Add FNet Encoder Layer #43

abheesht17 · 2022-03-15T13:30:55Z

Resolves #40.

I've implemented the FNet Encoder Layer. I'll add unit tests once the code has been finalised. @mattdangerw ,@chenmoneygithub, please go through it. Thanks!

Here is the link to the Colab notebook where I do a forward pass: https://colab.research.google.com/drive/1ldWMSqw8q8qwndHUxtuILxowRRFiBTbT?usp=sharing

I'm planning to add an example for this (text classification). I'll stack 2-3 encoder layers and train the model.
Caveat: In the paper, the authors mention that they used SentencePiece Tokenizer (this hasn't been implemented in keras-nlp yet). So, should I add the example later in a separate PR? Or should I just use SentencePiece from TF Text?

abheesht17 · 2022-03-19T10:50:34Z

Hey, @mattdangerw. Any thoughts on this?

chenmoneygithub

Thanks for the PR!

Dropped some comments, and please add unit tests to test the layer's funcitonality, thanks!

keras_nlp/layers/fnet_encoder.py

chenmoneygithub · 2022-03-19T20:02:53Z

keras_nlp/layers/fnet_encoder.py

+        if not self._built:
+            self._build(inputs.shape)
+
+        # Apply fourier transform on the input. Note: We don't have padding


I want to understand this a bit more - are you saying the original paper does not do padding, and take in RaggedTensor as input? Thanks!

So, as far as I understand, they do pad the sequences so that every sequence is of the same length. See this: https://github.com/google-research/google-research/blob/master/f_net/layers.py#L106. The expected shape is (bsz, max_seq_length, hidden_dim).

However, the padding mask is not used at all.
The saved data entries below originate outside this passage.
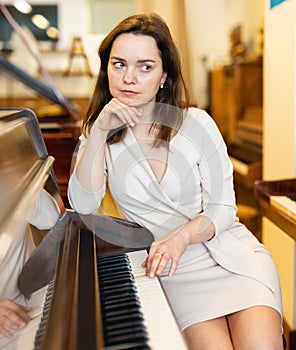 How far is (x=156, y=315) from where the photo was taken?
95 centimetres

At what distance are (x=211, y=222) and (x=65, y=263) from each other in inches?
22.9

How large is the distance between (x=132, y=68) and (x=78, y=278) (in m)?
0.64

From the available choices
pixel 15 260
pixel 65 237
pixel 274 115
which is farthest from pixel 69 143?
pixel 15 260

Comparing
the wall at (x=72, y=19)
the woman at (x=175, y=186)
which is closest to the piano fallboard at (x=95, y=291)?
the woman at (x=175, y=186)

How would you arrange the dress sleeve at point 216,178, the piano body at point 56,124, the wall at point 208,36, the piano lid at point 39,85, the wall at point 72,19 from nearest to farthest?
the dress sleeve at point 216,178 → the piano body at point 56,124 → the piano lid at point 39,85 → the wall at point 208,36 → the wall at point 72,19

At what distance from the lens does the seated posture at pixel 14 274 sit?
0.83 m

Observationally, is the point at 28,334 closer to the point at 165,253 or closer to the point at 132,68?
the point at 165,253

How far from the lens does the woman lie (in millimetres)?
1306

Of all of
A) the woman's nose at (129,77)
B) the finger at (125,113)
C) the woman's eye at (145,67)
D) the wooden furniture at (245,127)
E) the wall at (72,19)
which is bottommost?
the wooden furniture at (245,127)

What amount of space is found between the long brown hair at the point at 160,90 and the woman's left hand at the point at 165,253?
0.32 meters

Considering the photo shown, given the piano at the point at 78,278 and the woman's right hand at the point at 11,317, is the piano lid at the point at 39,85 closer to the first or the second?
the piano at the point at 78,278

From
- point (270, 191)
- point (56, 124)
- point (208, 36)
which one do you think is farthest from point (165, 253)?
point (208, 36)

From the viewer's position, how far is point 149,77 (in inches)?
54.5

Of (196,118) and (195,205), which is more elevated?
(196,118) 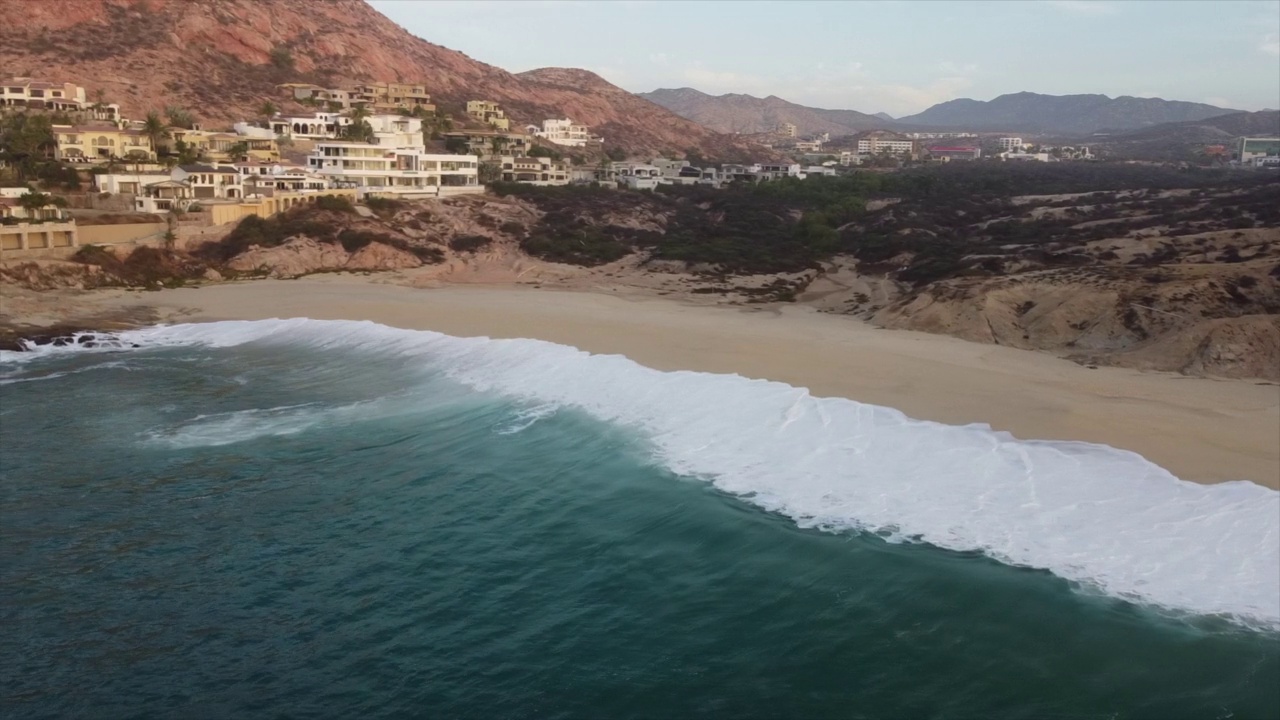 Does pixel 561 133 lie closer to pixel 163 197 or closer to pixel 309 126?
pixel 309 126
They delete it here: https://github.com/google-research/google-research/blob/master/f_net/layers.py#L114. So, the mixing is done over all the tokens, including the padding tokens. See the input pipeline here: https://github.com/google-research/google-research/blob/master/f_net/input_pipeline.py#L100 and https://github.com/google-research/google-research/blob/master/f_net/input_pipeline.py#L107-L109.

My guess would be that FLAX/JAX probably doesn't have the equivalent of a Ragged Tensor. Hence, they had to pad the sequences in order to be able to batch them up. As to why they did not mask the pad tokens, I'm not sure.

Edit: I've mailed the authors of FNet: Mixing Tokens with Fourier Transforms asking them about why the padding mask is deleted.

I received a reply from the first author, James Lee-Thorp. This is the gist of the message:

For FNet, padding tokens are applied, but padding tokens are not masked. There is a possibility that the model may become sensitive to samples with varying number of padding tokens...but in practice, the authors did not notice any major performance issues. So, I think we can keep it the same, we don't need to apply padding masks.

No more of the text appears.